Sen Arpita, Hsieh Wen-Chieh, Aguilar R Claudio
Department of Biological Sciences, Purdue University, West Lafayette, IN 47907, USA.
Current address, Dept. of Molecular & Cell Biology, University of California, Berkeley.
Proc IEEE Inst Electr Electron Eng. 2017 Feb;105(2):385-393. doi: 10.1109/JPROC.2016.2613076. Epub 2016 Dec 1.
The presence of abnormally expanded glutamine (Q) repeats within specific proteins ( huntingtin) are the well-established cause of several neurogenerative diseases, including Huntington disease and spinocerebellar ataxias. However, the impact of "expanded Q" stretches on the protein function is not well-understood, mostly due to lack of knowledge about the physiological role of Q repeats and the mechanism by which these repeats achieve functional-specificity. Indeed, is intriguing that regions with such low complexity (low information content) can display exquisite functional specificity. Prompting the question: where is this information stored? Applying biochemical/structural constraints and statistical analysis of protein composition we identified Q-rich (Q) regions present in coiled coils of yeast transcription factors and endocytic proteins. Our analysis indicated the existence of non-Q amino-acids differentially enriched or excluded from Q regions in one protein group versus the other. Importantly, when the non-Q amino-acids from an endocytic protein were exchanged by the ones enriched in Q from transcription factors, the resulting protein was unable to localize to the plasma membrane and was instead found in the nucleus. These results indicate that while Q repeats can efficiently engage in binding, the non-Q amino-acids provide essential specificity information. We speculate that coupling low complexity regions with information-intensive determinants might be a strategy used in many protein systems involved in different biological processes.
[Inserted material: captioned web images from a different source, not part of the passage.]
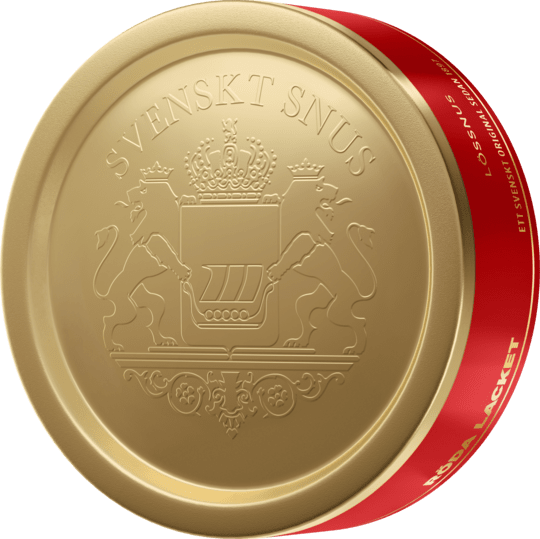 Röda Lacket Lössnus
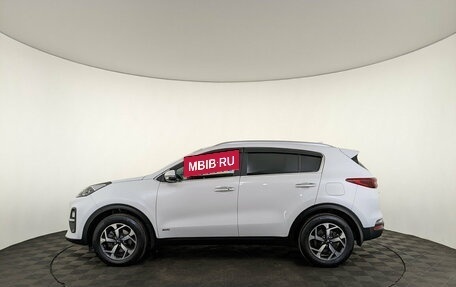 KIA Sportage IV рестайлинг, 2021 год, 2 550 000 рублей, 8 фотография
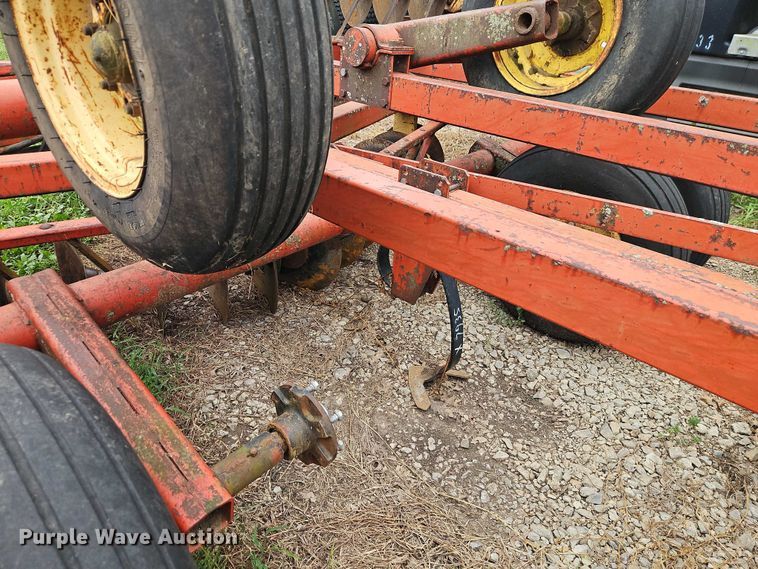 image for item EB8253 Kewanee 1010 double off-set disk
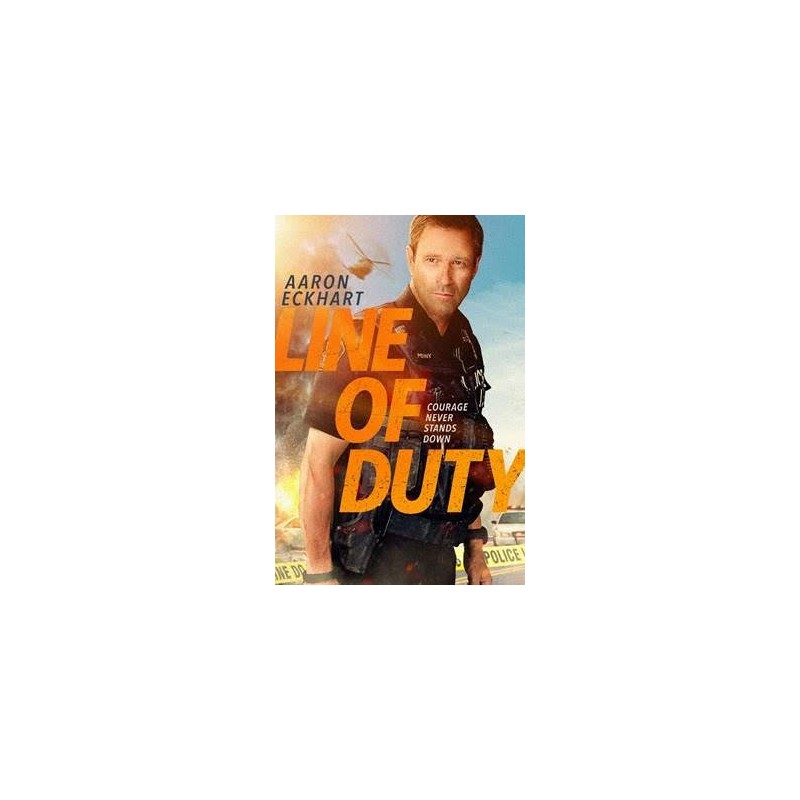 LINE OF DUTY. DVD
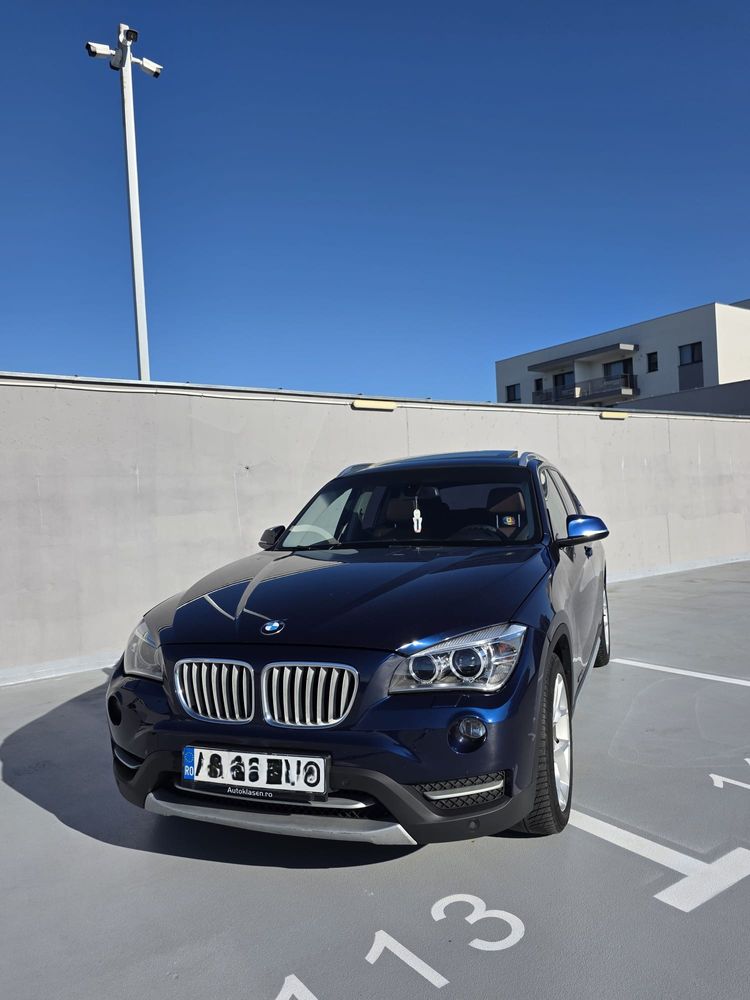 BMW X1 E84 [ 2009 - 2015] xDrive18d Aut. xLine 2013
特定蛋白质(亨廷顿蛋白)中异常扩展的谷氨酰胺(Q)重复序列的存在是包括亨廷顿病和脊髓小脑共济失调在内的几种神经退行性疾病的公认病因。然而,“扩展的Q”片段对蛋白质功能的影响尚未得到充分理解,这主要是由于对Q重复序列的生理作用以及这些重复序列实现功能特异性的机制缺乏了解。实际上,令人感兴趣的是,如此低复杂性(低信息含量)的区域竟能表现出精确的功能特异性。这就引发了一个问题:这种信息存储在哪里?通过应用生化/结构限制以及对蛋白质组成的统计分析,我们确定了酵母转录因子和内吞蛋白的卷曲螺旋中存在富含Q的(Q)区域。我们的分析表明,在一个蛋白质组与另一个蛋白质组的Q区域中,存在差异富集或排除的非Q氨基酸。重要的是,当一个内吞蛋白中的非Q氨基酸被转录因子中富含Q的氨基酸替换时,产生的蛋白质无法定位于质膜,而是出现在细胞核中。这些结果表明,虽然Q重复序列能够有效地参与结合,但非Q氨基酸提供了关键的特异性信息。我们推测,将低复杂性区域与信息密集型决定因素相结合可能是许多参与不同生物过程的蛋白质系统所采用的一种策略。